Javad Zarif dénonce l’omniprésence des gardiens de la révolution et du chef de leur Force al-Qods, bras armé de l’Iran au Moyen-Orient, Qassem Soleimani, assassiné le 3 janvier 2020 à Bagdad sur ordre de Donald Trump. Il reproche à Soleimani de s’être rendu à Moscou peu après la signature de l’accord de 2015 en vue de le faire capoter avec la complicité de la Russie.
Crise à Téhéran
Zarif reconnaît qu’avant l’intervention américaine en Irak, en 2003, il travaillait harmonieusement avec Qassem Soleimani. Mais il reproche à ce dernier d’avoir autorisé des avions russes à survoler l’Iran pour bombarder la Syrie, transféré de l’équipement militaire et déployé des hommes en armes en Syrie dans des avions de la compagnie nationale Iran Air, à l’insu du gouvernement.
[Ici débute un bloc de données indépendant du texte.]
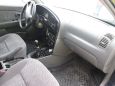  Kia Spectra 2008 , 187000 ,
Bref, d’avoir «saboté» à de nombreuses reprises l’action de la diplomatie. Autant de décisions qui étaient pour la plupart connues, mais dont la divulgation par un officiel iranien suscite une crise à Téhéran.
«Les journaux conservateurs sont très durs contre M. Zarif, qu’ils décrivent comme un traître qui doit aller en prison», confie au Figaro Farid Vahid, expert de l’Iran à la Fondation Jean-Jaurès. Des voix se sont déjà élevées pour réclamer la démission de M. Zarif.
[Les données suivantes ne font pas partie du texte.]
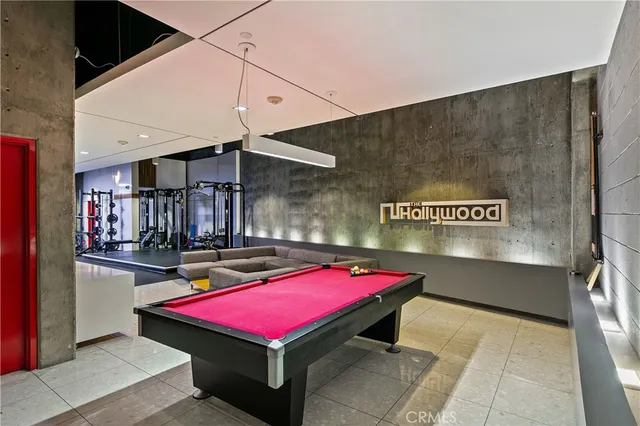 $669,000 | 6735 Yucca Street, Unit 107, Los Angeles, CA 90028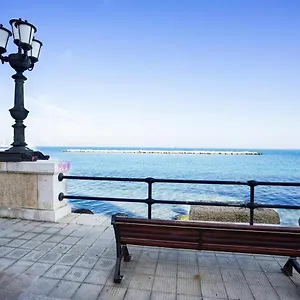 Appartement Sea Luxor, Bari
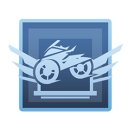 Trophy/Achievement Icon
Qui a «balancé» Javad Zarif? Une copie de l’audio a fuité auprès d’Iran International, une chaîne de télévision proche de l’opposition basée à Londres, qui révéla l’affaire, avant de la partager avec le New York Times.
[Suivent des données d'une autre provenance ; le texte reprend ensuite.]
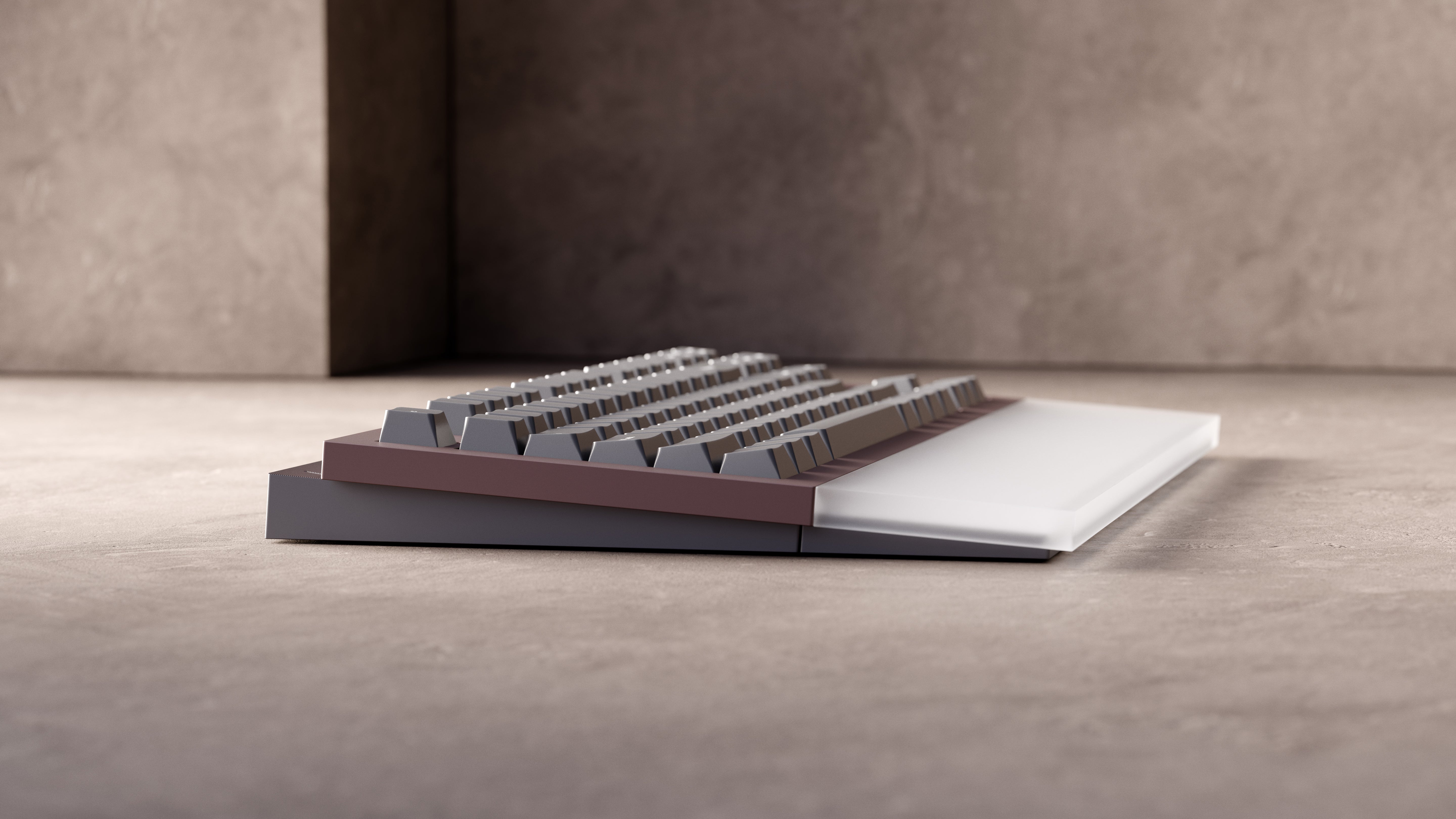 [Group Buy] Artifact Stratum 80 Keyboard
Les trois heures d’entretien de M. Zarif avec Saeed Leylaz, qui était injoignable mardi, n’étaient pas destinées à être publiées. «Il s’agit d’enregistrements appelés en persan “Histoires orales” que le ministère des Affaires étrangères conserve dans ses archives», explique Farid Vahid.
À qui profite le crime? Pas forcément aux ennemis conservateurs de Javad Zarif. Certes, dans un premier temps, alors que son adjoint Abbas Araghchi négocie à Vienne avec les grandes puissances le retour de l’Iran dans l’accord nucléaire de 2015 duquel s’étaient retirés les États-Unis, cette affaire discrédite d’une certaine manière la parole iranienne. Mais nul n’ignore que ce ne sont pas les diplomates iraniens qui, in fine, décident, mais le guide suprême, l’ayatollah Ali Khamenei. Or celui-ci a donné son accord aux discussions de Vienne.
Dernier espoir de réforme
«Les adversaires de M. Zarif ont voulu enterrer sa candidature à la présidentielle», écrit sur Twitter le chercheur Mohammad Ali Shabani, qui doute cependant de l’efficacité de cette tactique. Selon lui, ces fuites pourraient au contraire remobiliser un électorat désabusé, qui voit en M. Zarif l’un des derniers espoirs pour réformer l’Iran. «Critiquer la Russie et les gardiens de la révolution est largement partagé par la population, explique-t-il. En plus, il dit qu’au final, les gardiens n’ont pas pu toujours réussir dans leurs actions comme après l’accord de 2015, il montre donc qu’ils ne sont pas tout-puissants.» Bref, conclut M. Shabani, «ces fuites bénéficient au candidat Zarif, moins au ministre des Affaires étrangères».
Une chose est sûre: les coups bas préélectoraux sont lancés. Le conseil des gardiens de la Constitution a jusqu’au 26 mai pour valider les candidatures à la présidentielle. M. Zarif n’a encore rien dit de ses réelles intentions. «D’ici là, un préaccord ne sera probablement pas négocié à Vienne», confiait avant ces fuites un expert au fait des discussions. «Il s’agit, ajoutait-il, d’empêcher que M. Zarif capitalise sur cette avancée et se présente.» Cet ultime coup bas pourrait produire l’effet inverse.